### Task requirements
Keep every word the same. Repeat the records without their images.

### Dataset
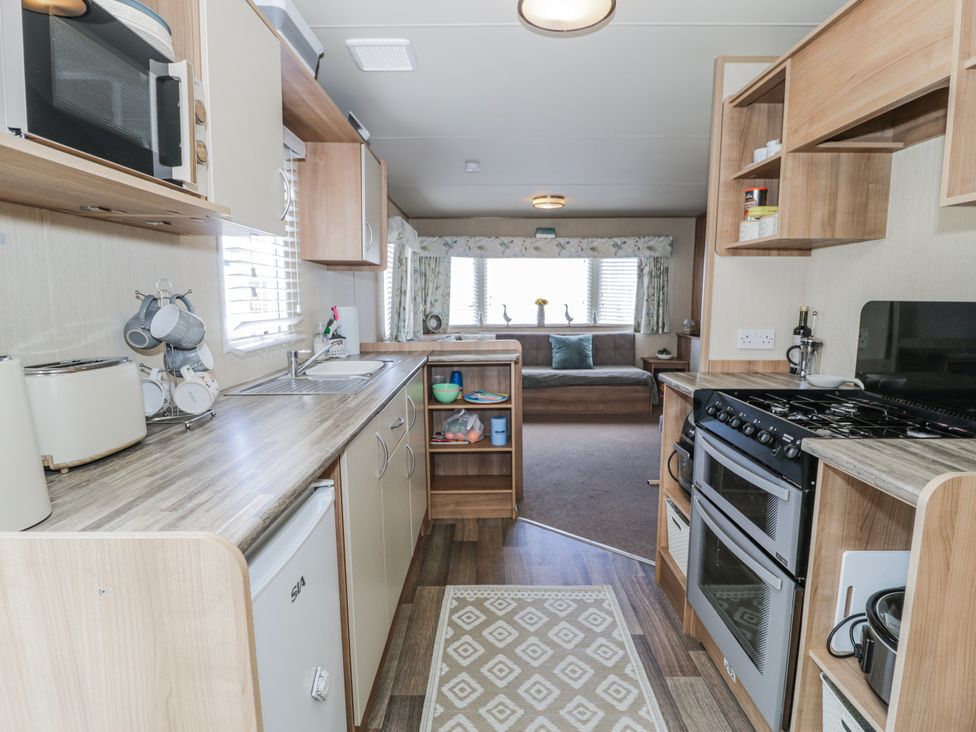 A kitchen with appliances and cabinets at 51 Silverbirch Way in Rhyl
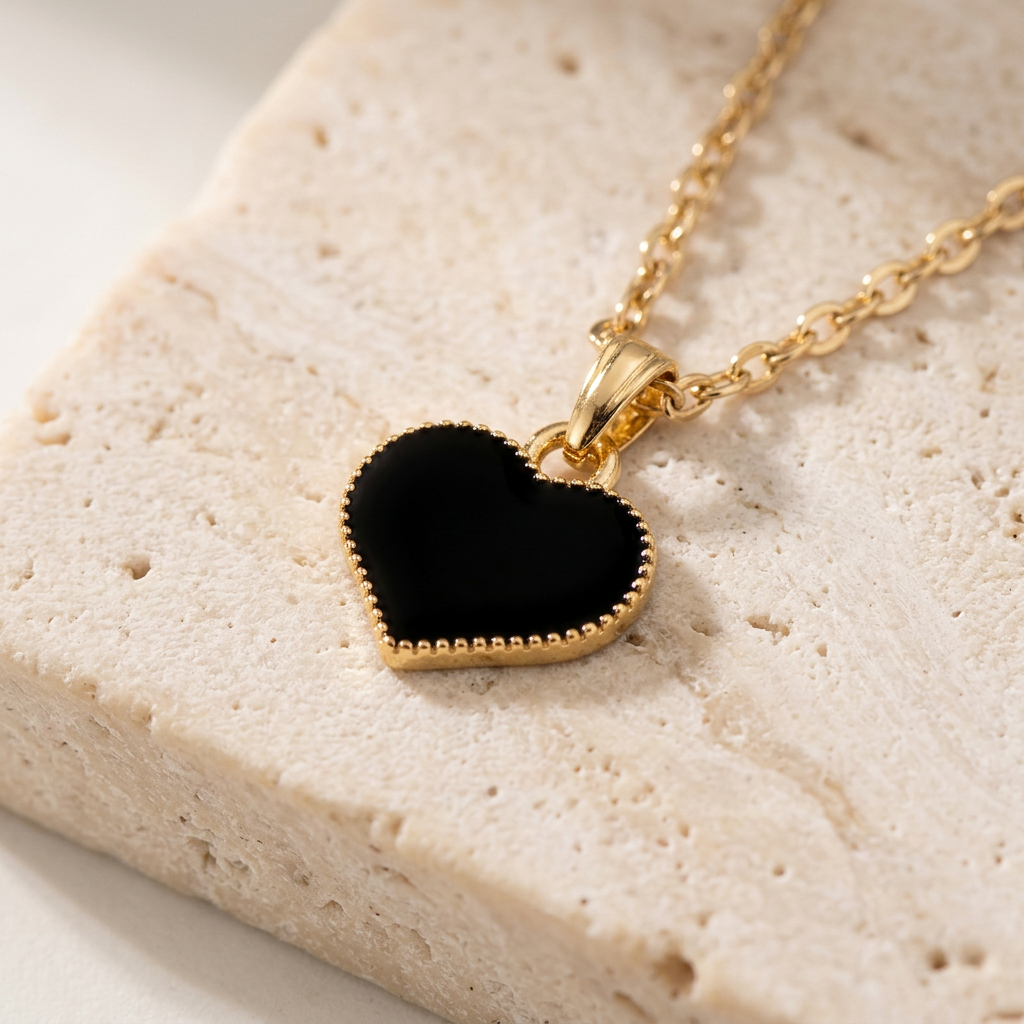 Black enamel heart with beaded gold-tone border on travertine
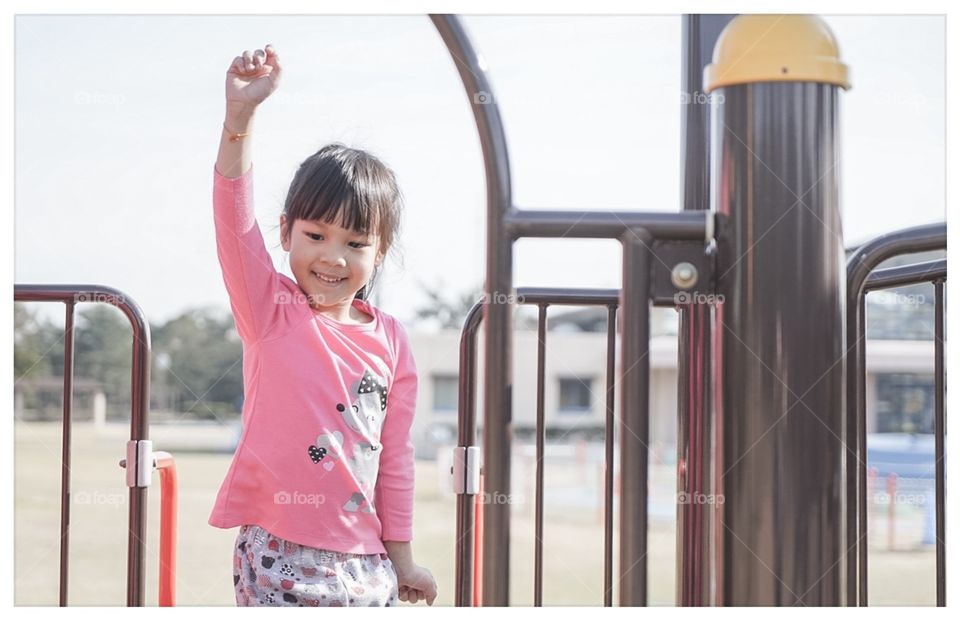 Triumph girl on top of playground 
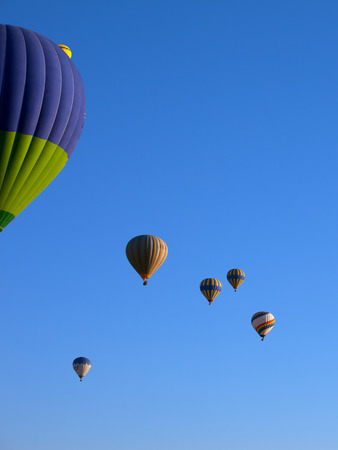 Multicolor hot air balloons on blue clear sunlight sky at early morningの写真素材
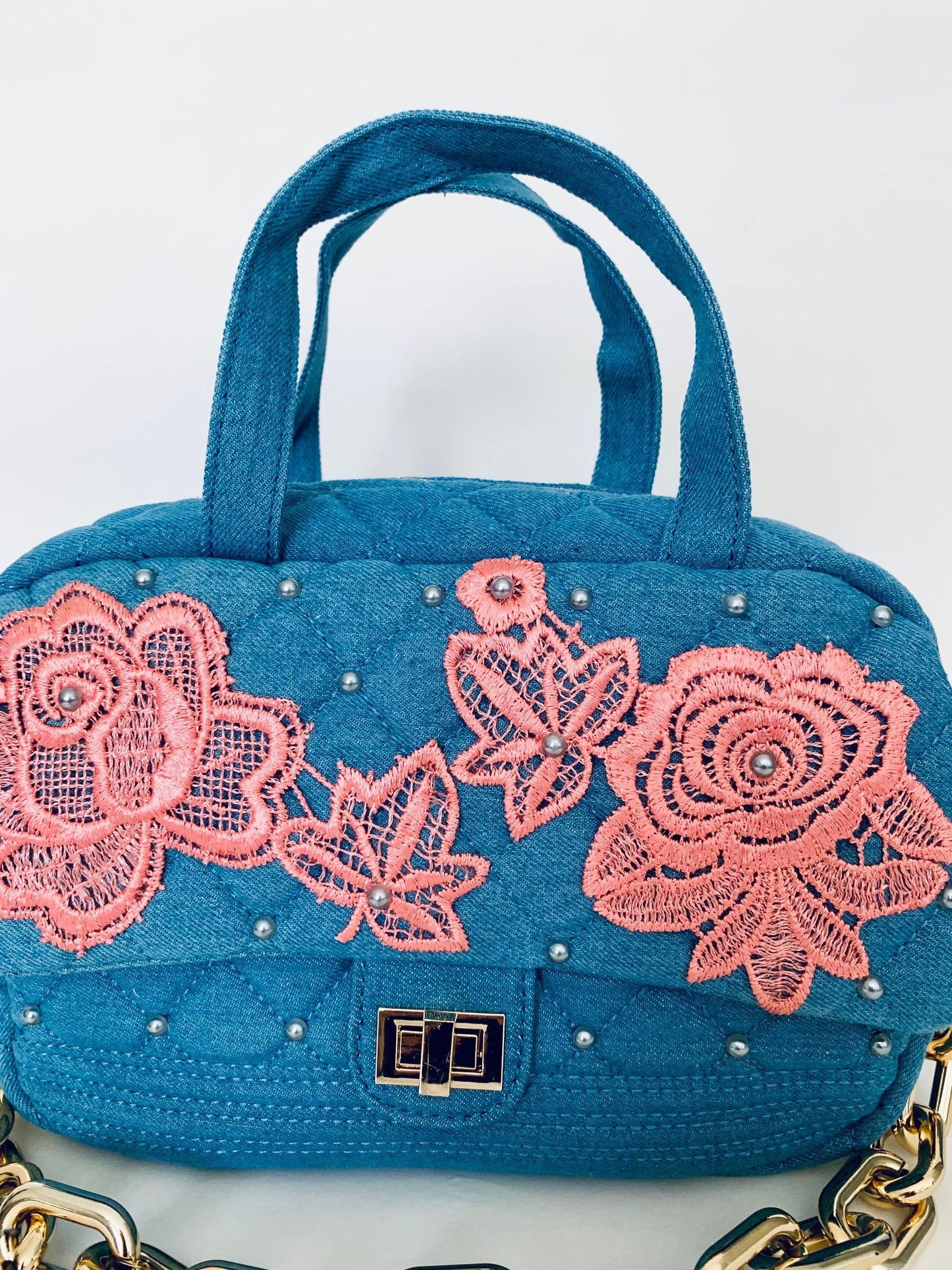 Blue Denim Handbag with Pink Lace Floral Designs and Gold Chain Strap
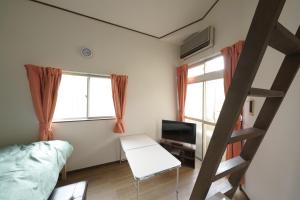 a bedroom with a bunk bed and a desk and a ladder at Garden house Ozasa - Apartment STAY in Fukuoka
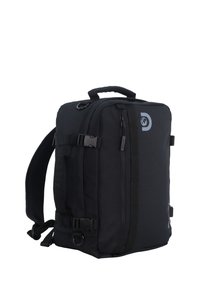 Mochila negra de forma rectangular, hecha de tejido duradero. Cuenta con tirantes ajustables, un asa superior, un bolsillo frontal y detalles con el logotipo.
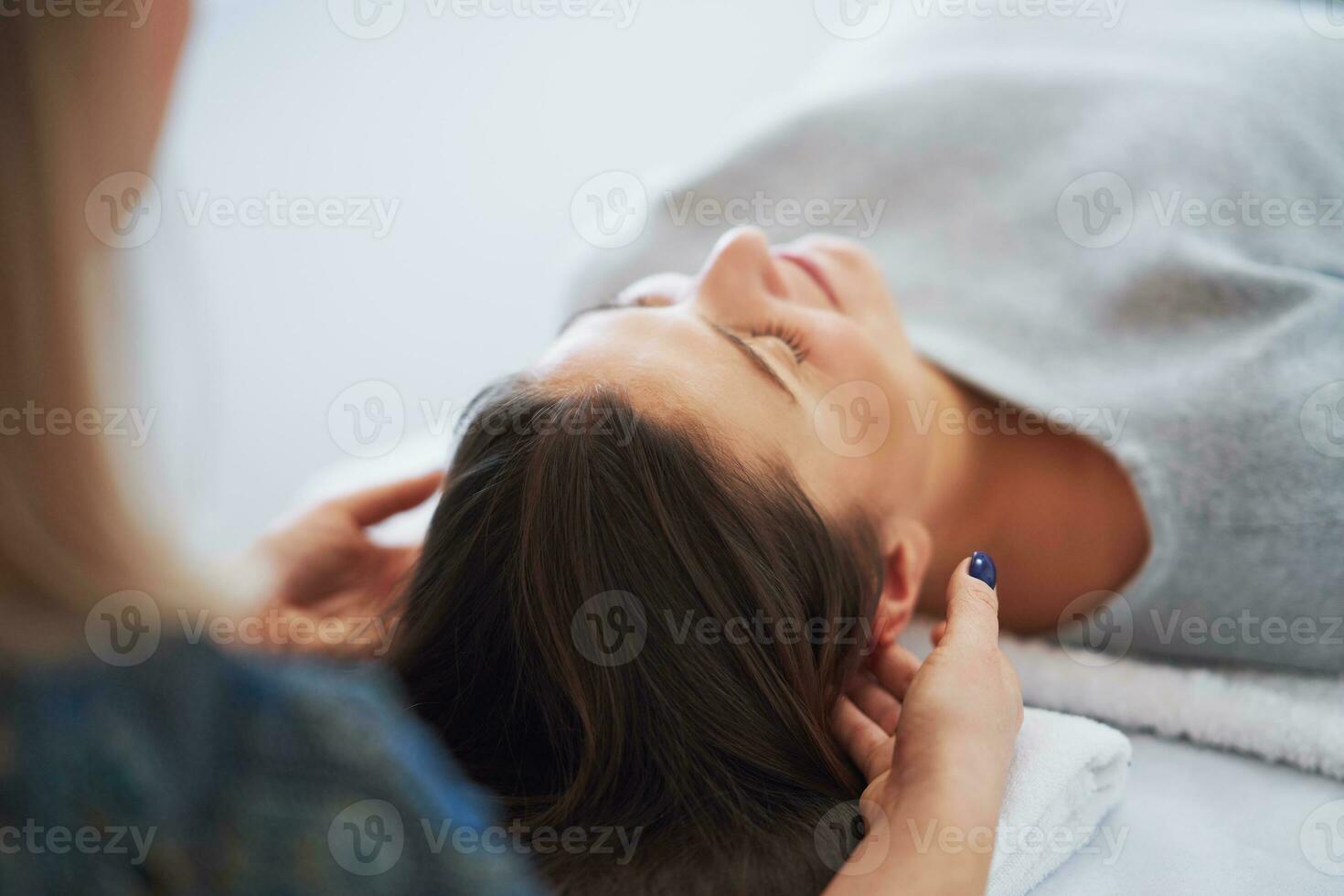 Picture of an treatment that involves gently touching 32 points on your head photo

### Response for this exercise
 A kitchen with appliances and cabinets at 51 Silverbirch Way in Rhyl
 Black enamel heart with beaded gold-tone border on travertine
 Triumph girl on top of playground 
 Multicolor hot air balloons on blue clear sunlight sky at early morningの写真素材
 Blue Denim Handbag with Pink Lace Floral Designs and Gold Chain Strap
 a bedroom with a bunk bed and a desk and a ladder at Garden house Ozasa - Apartment STAY in Fukuoka
 Mochila negra de forma rectangular, hecha de tejido duradero. Cuenta con tirantes ajustables, un asa superior, un bolsillo frontal y detalles con el logotipo.
 Picture of an treatment that involves gently touching 32 points on your head photo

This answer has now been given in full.